Citigroup profit beats estimates on gains in consumer lending
(Reuters) - Citigroup Inc beat analysts’ estimates for quarterly profit on Monday, as a tight lid on costs and strength in consumer lending helped the third-largest U.S. bank counter weakness in its trading business.
New York-based Citi is the first major bank to report second-quarter earnings. Wall Street titans JPMorgan Chase & Co, Bank of America Corp and Goldman Sachs Group Inc are scheduled to report later in the week.
Bank stocks have been falling in recent weeks amid concerns that their net interest margins, or the difference between what they pay on deposits and earn on loans, have been squeezed by falling interest rates.
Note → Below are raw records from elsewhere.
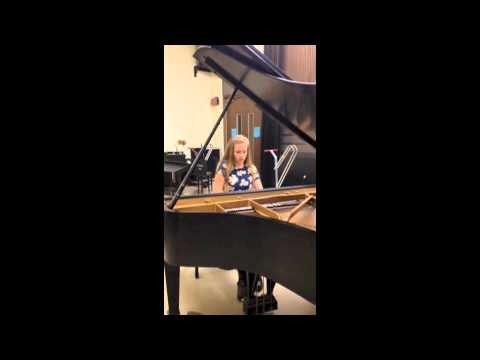 Bela Bartok - Bourree played by Treya Nash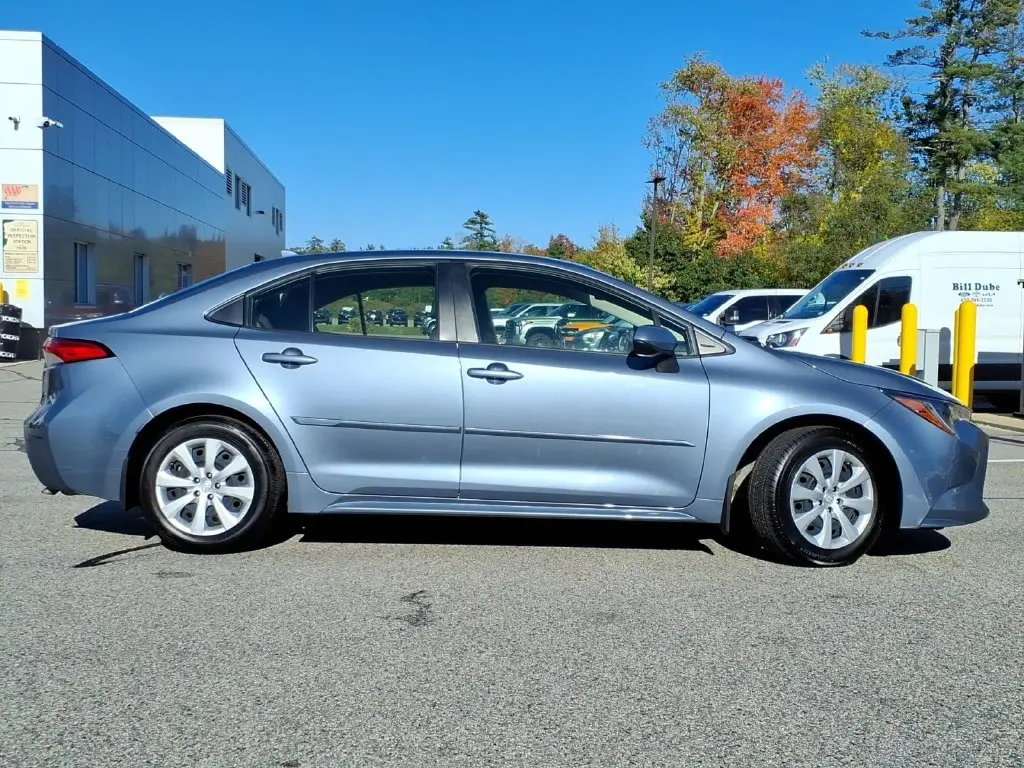 2022 Toyota Corolla - $21,900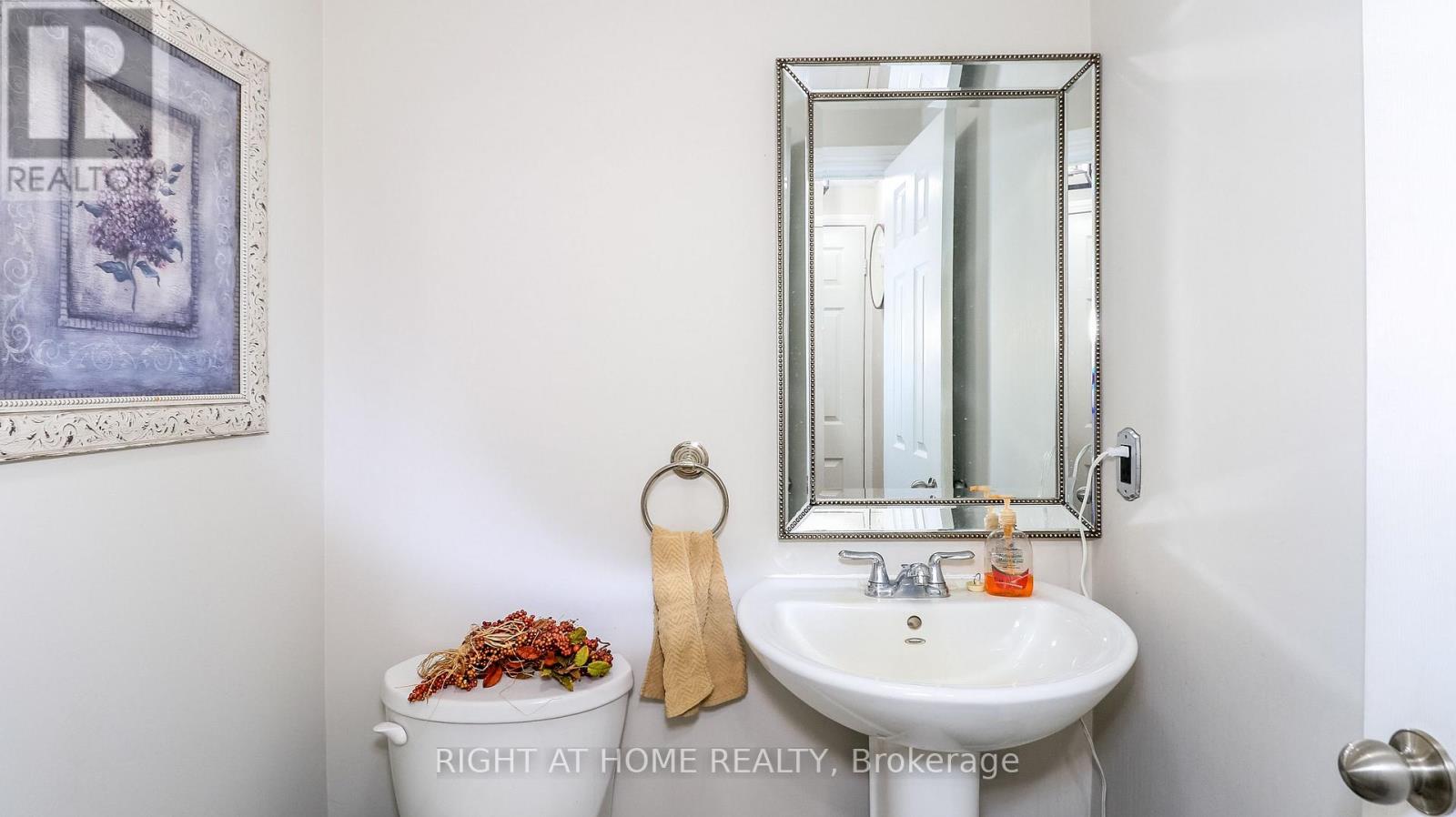 83 Pringle Drive, Barrie photo 8
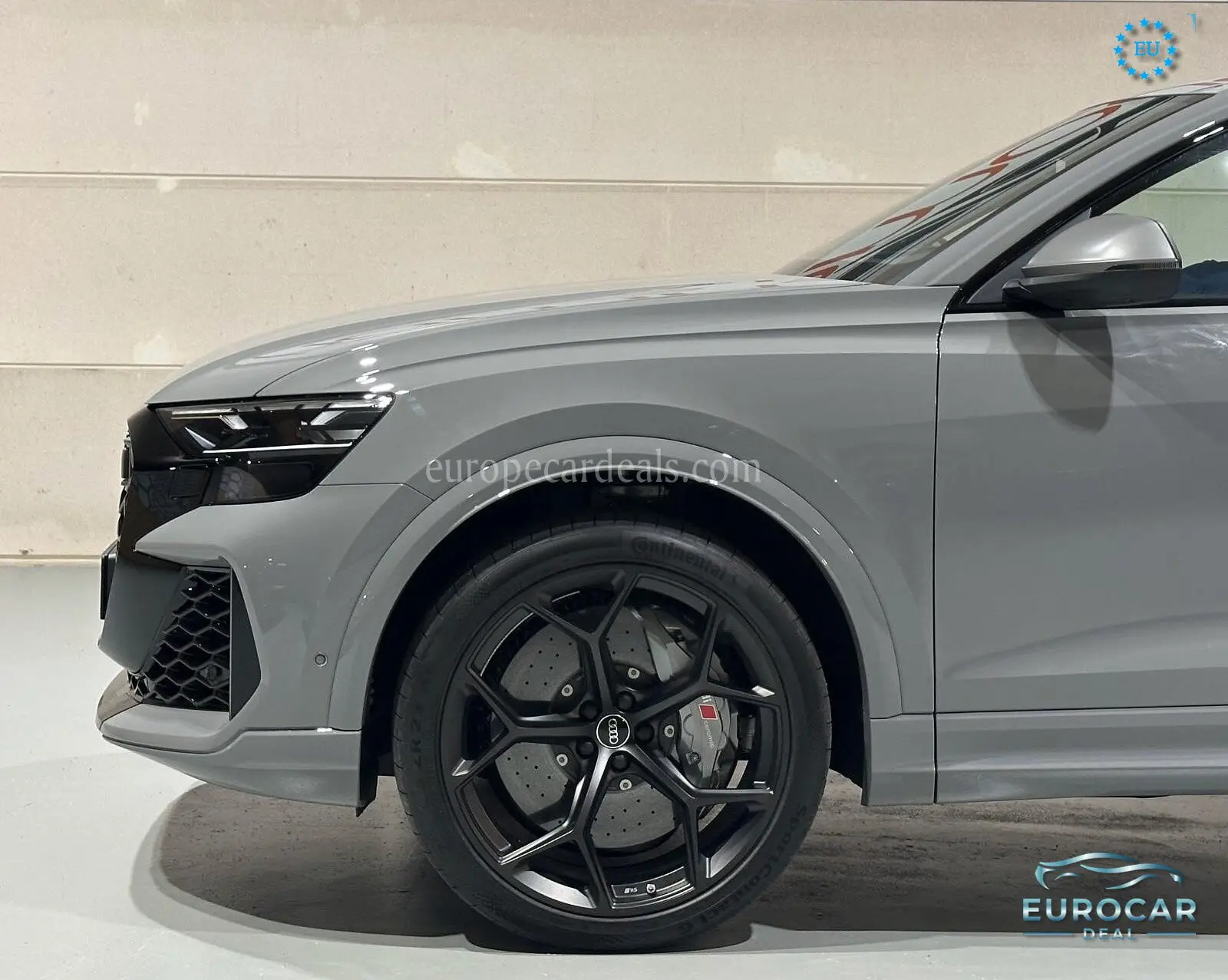 Audi RSQ8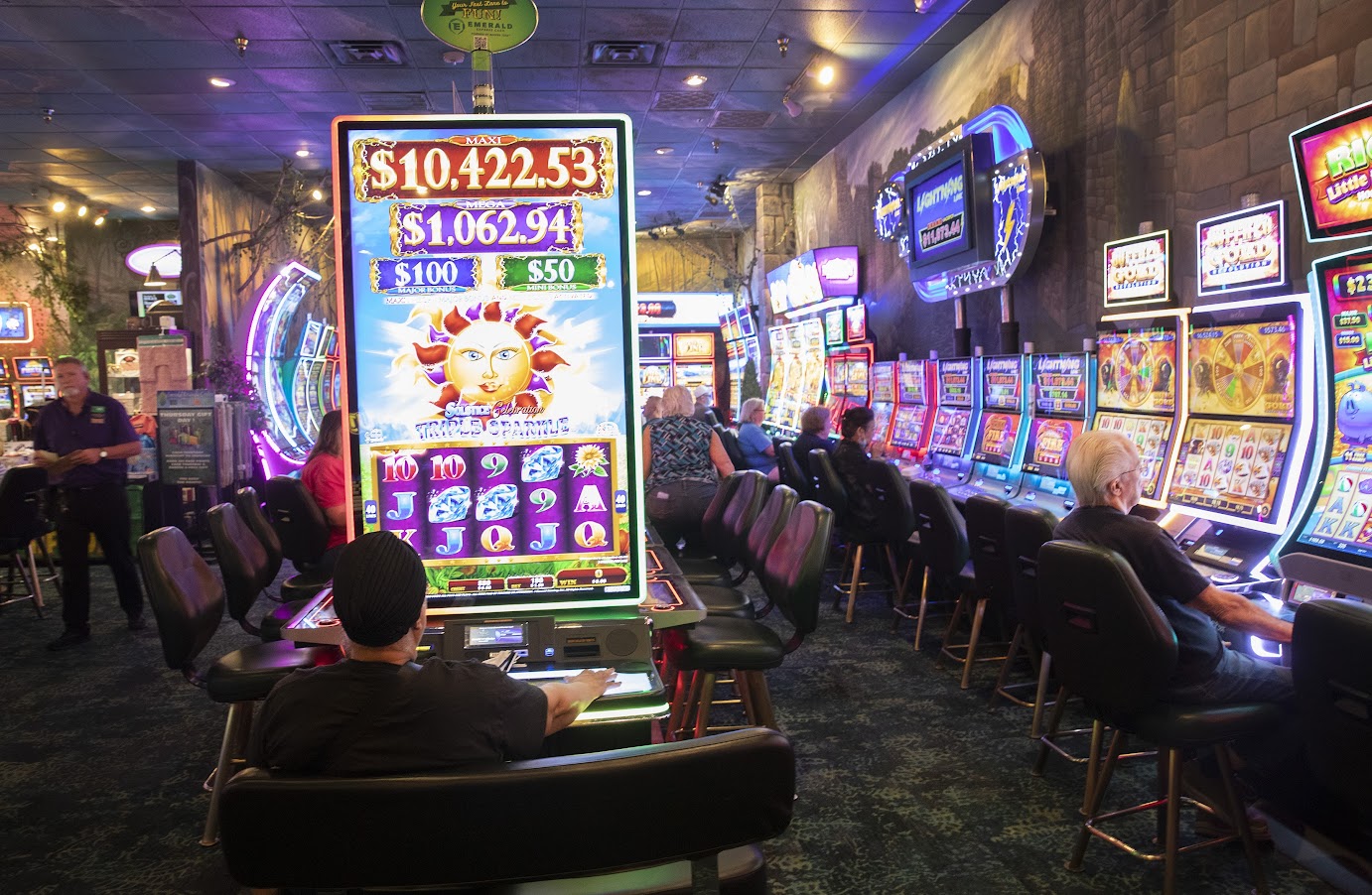 Slot machines at Las Vegas airport bring in more than $1B in revenue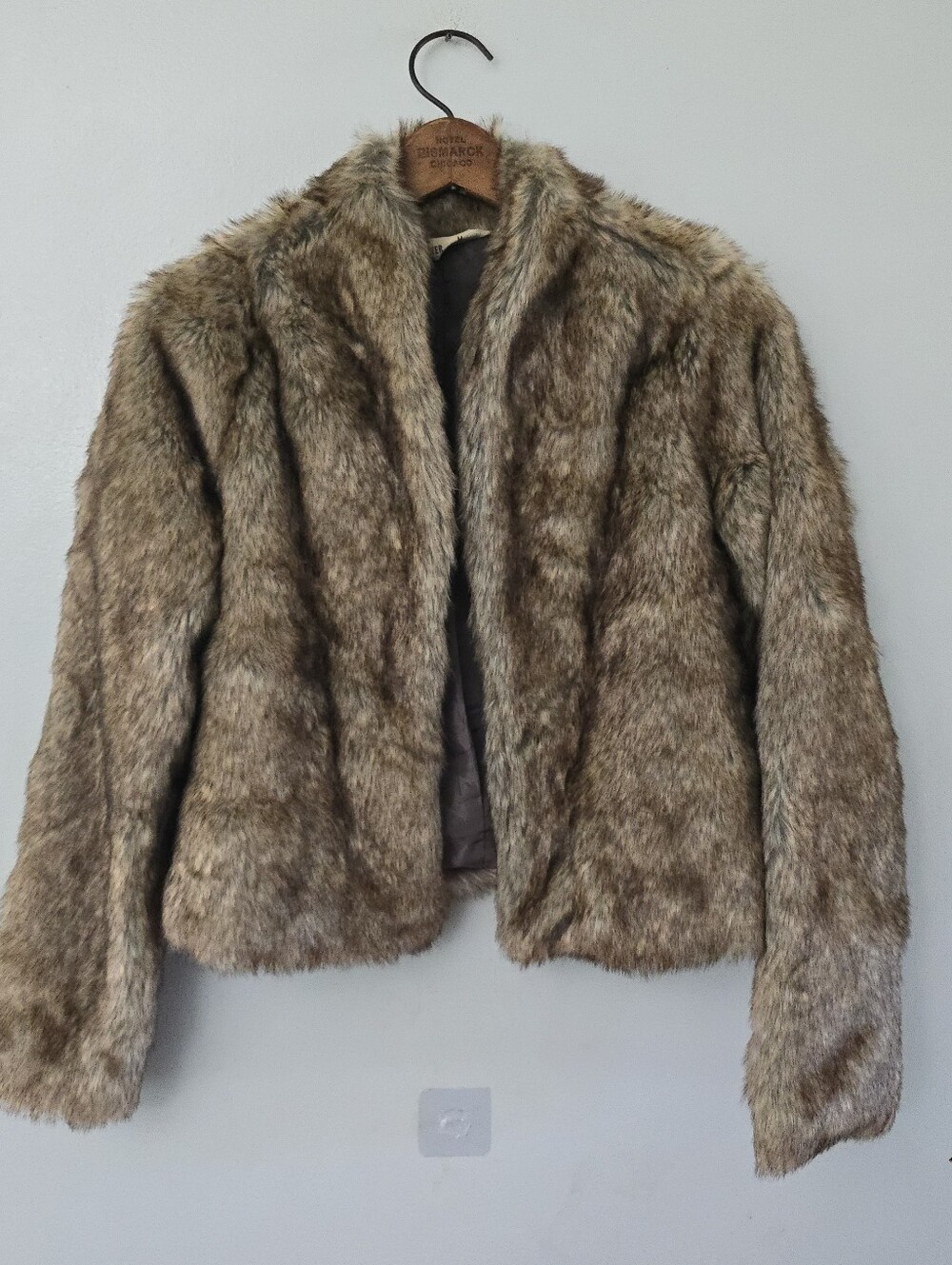 Hollister Crop Faux Fur Coat Y2K Mob Wife Open Front Soft Brown Women’s Sz M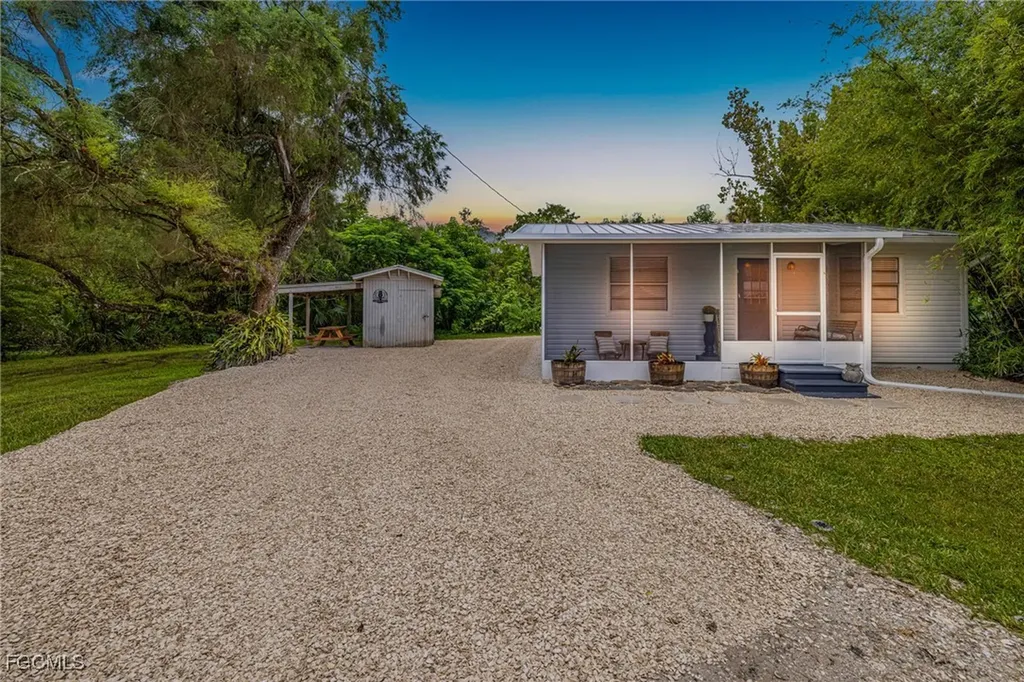 17780 Caloosa Road Alva FL 33920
Citi’s interest margin declined slightly to 2.67% from 2.70% a year earlier and 2.72% in the first quarter of 2019.
Citi shares were down 2.3% in early trading. Other banks were also trading lower.
Citi continued to add loans and deposits in the most recent quarter, allaying concerns that a weaker economic outlook was hurting consumers’ ability to borrow.
Total loans at the third-largest U.S. bank by assets rose 3% to $689 billion, while deposits increased 5% to $1.05 trillion, excluding foreign exchange fluctuations.
Trading revenue remained challenged. Fixed-income trading fell 4%, excluding a gain from Citi’s investment in Tradeweb, while it declined 9% at its equities business.
Executives at leading U.S. banks had warned that trading revenue would be hit by a slump in client activity due to burgeoning trade tensions and uncertainties around Britain’s planned exit from the European Union.
“We navigated an uncertain environment successfully by executing our strategy, and by showing disciplined expense, credit and risk management,” Chief Executive Officer Michael Corbat said in a statement.
A key was that the bank was able to make more money from its lending activities during the quarter. Net interest income rose 2%.
Net income rose to $4.80 billion, or $1.95 per share, in the second quarter, from $4.50 billion, or $1.63 per share, a year earlier. The quarter included a one-time gain of 12 cents per share related to the investment in electronic trading company TradeWeb.
Revenue rose 2% to $18.76 billion, while expenses fell 2%.
Analysts had expected a profit of $1.80 per share and revenue of $18.50 billion, according to IBES data from Refinitiv.
One of the broadest measures of performance improved dramatically as Citi posted a return on tangible common equity of 11.9%. up more than a percentage point from a year earlier.
Banks have been under pressure to cut costs as a weaker economic outlook raised concerns about revenue growth. Chief Financial Officer Mark Mason said earlier this year the bank has already accelerated some cost-cutting plans to cope with potential headwinds.
Citi’s per-share earnings have been propped up by a lower outstanding share count due to large stock buyback programs, but investors have been pressuring the bank to prove that it can grow profit organically. Share count declined 10% in the second quarter from a year earlier.
Last month, Citi announced plans to return $21.5 billion to shareholders through a 6-cent dividend hike and a $17.1 billion stock repurchase program.
U.S. banks largely increased the amount of capital they plan to return to shareholders over the next year but Goldman Sachs analyst Richard Ramsden warned that this year might represent “peak returns” for many in the group.